The United Nations Economic Commission for Africa(ECA) has blamed Ghana’s failure to realize its expected non-tax revenue on poor fiscal discipline.
The report dubbed the “Fiscal Policy for Financing Sustainable Development in Africa” reflected on the development trajectory and policies adopted to determine how quick countries will accelerates growth and creates prosperity for all.
According to ECA, Ghana has implemented a series of presumptive taxes in an effort to tax the informal economy and that experience reveals the need for an integrated approach that not only creates a simple tax system for hard-to-tax sectors.
Taxation reforms and improvement in non-tax revenue will extricate Ghana from the debt trap, the report stated.
“Also uses existing social structures, such as business associations, and focuses on increasing capacity in tax administration and tackling corruption at all levels,” the economic body added.

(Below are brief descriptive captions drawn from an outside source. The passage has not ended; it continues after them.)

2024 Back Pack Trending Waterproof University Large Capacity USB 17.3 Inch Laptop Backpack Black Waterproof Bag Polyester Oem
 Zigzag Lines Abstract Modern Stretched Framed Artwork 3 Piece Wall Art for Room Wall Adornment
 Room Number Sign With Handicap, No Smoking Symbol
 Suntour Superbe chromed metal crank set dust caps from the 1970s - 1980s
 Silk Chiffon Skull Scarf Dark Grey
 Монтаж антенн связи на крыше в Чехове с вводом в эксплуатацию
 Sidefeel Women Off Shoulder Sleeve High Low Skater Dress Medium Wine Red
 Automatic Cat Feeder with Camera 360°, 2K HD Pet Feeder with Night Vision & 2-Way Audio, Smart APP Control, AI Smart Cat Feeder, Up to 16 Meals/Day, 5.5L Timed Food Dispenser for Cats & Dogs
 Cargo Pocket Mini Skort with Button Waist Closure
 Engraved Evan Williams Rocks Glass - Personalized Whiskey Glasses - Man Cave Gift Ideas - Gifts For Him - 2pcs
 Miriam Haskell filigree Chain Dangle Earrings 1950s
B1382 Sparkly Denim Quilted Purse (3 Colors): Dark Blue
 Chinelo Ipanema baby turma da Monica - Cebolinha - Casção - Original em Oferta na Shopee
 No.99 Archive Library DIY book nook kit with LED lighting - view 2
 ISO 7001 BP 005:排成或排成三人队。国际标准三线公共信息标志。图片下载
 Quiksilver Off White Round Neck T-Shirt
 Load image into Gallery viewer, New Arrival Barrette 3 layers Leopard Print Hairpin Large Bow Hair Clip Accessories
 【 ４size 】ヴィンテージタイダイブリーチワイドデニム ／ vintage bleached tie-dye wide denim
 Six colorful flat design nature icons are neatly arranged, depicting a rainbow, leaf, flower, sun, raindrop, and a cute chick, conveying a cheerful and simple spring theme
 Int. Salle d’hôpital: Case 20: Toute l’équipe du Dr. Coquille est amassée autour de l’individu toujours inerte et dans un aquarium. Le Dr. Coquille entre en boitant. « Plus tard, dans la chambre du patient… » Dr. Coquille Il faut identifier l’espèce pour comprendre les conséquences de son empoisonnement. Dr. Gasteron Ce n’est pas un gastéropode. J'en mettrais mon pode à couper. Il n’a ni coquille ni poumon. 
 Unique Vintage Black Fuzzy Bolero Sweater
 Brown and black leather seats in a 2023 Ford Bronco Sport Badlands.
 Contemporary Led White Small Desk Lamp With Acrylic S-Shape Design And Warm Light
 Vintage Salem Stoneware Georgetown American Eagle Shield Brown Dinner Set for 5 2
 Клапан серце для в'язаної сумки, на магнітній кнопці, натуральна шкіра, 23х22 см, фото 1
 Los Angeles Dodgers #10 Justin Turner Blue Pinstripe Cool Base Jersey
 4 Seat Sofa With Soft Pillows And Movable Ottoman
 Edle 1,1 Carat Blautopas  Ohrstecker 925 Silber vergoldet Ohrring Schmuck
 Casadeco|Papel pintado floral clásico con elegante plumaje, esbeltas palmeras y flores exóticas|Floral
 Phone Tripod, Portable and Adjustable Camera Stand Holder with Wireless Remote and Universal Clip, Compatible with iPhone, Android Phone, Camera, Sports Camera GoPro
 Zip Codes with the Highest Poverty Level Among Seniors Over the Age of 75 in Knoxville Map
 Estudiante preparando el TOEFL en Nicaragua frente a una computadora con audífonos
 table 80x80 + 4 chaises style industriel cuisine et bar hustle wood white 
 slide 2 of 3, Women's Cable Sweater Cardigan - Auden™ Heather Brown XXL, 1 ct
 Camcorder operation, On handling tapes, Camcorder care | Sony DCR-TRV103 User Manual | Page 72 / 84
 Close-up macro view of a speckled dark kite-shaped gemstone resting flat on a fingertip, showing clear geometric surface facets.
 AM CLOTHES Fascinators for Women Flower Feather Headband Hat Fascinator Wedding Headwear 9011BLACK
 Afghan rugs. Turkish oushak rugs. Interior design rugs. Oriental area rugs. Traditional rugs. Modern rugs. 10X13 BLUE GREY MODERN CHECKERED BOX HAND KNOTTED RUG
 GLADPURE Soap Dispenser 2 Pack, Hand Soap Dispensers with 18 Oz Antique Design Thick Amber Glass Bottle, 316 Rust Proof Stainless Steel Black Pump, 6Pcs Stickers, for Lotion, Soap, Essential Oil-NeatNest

The Economic Report on Africa 2019 said the common denominator facing the African countries in debt distress has been low government revenue.
In the release, Ghana’s revenue to GDP was below 20 percent same as Sudan, Chad, Zimbabwe, Ghana, and Ethiopia.
“Those countries will remain in the debt trap unless something is done to raise revenue through tax reforms, non-tax revenue, enhanced tax administration and reduced tax evasion and avoidance particularly in the natural resources sector,” it stated.
The report further stated that addressing these challenges could mobilize additional revenue to finance sustainable development and Agenda 2063 aspirations.
“Though registrations increased, many complained that the tax was too high and administratively burdensome. The tax also faced challenges of corruption, rampant evasion and limited administrative capacity on the part of the revenue authority.”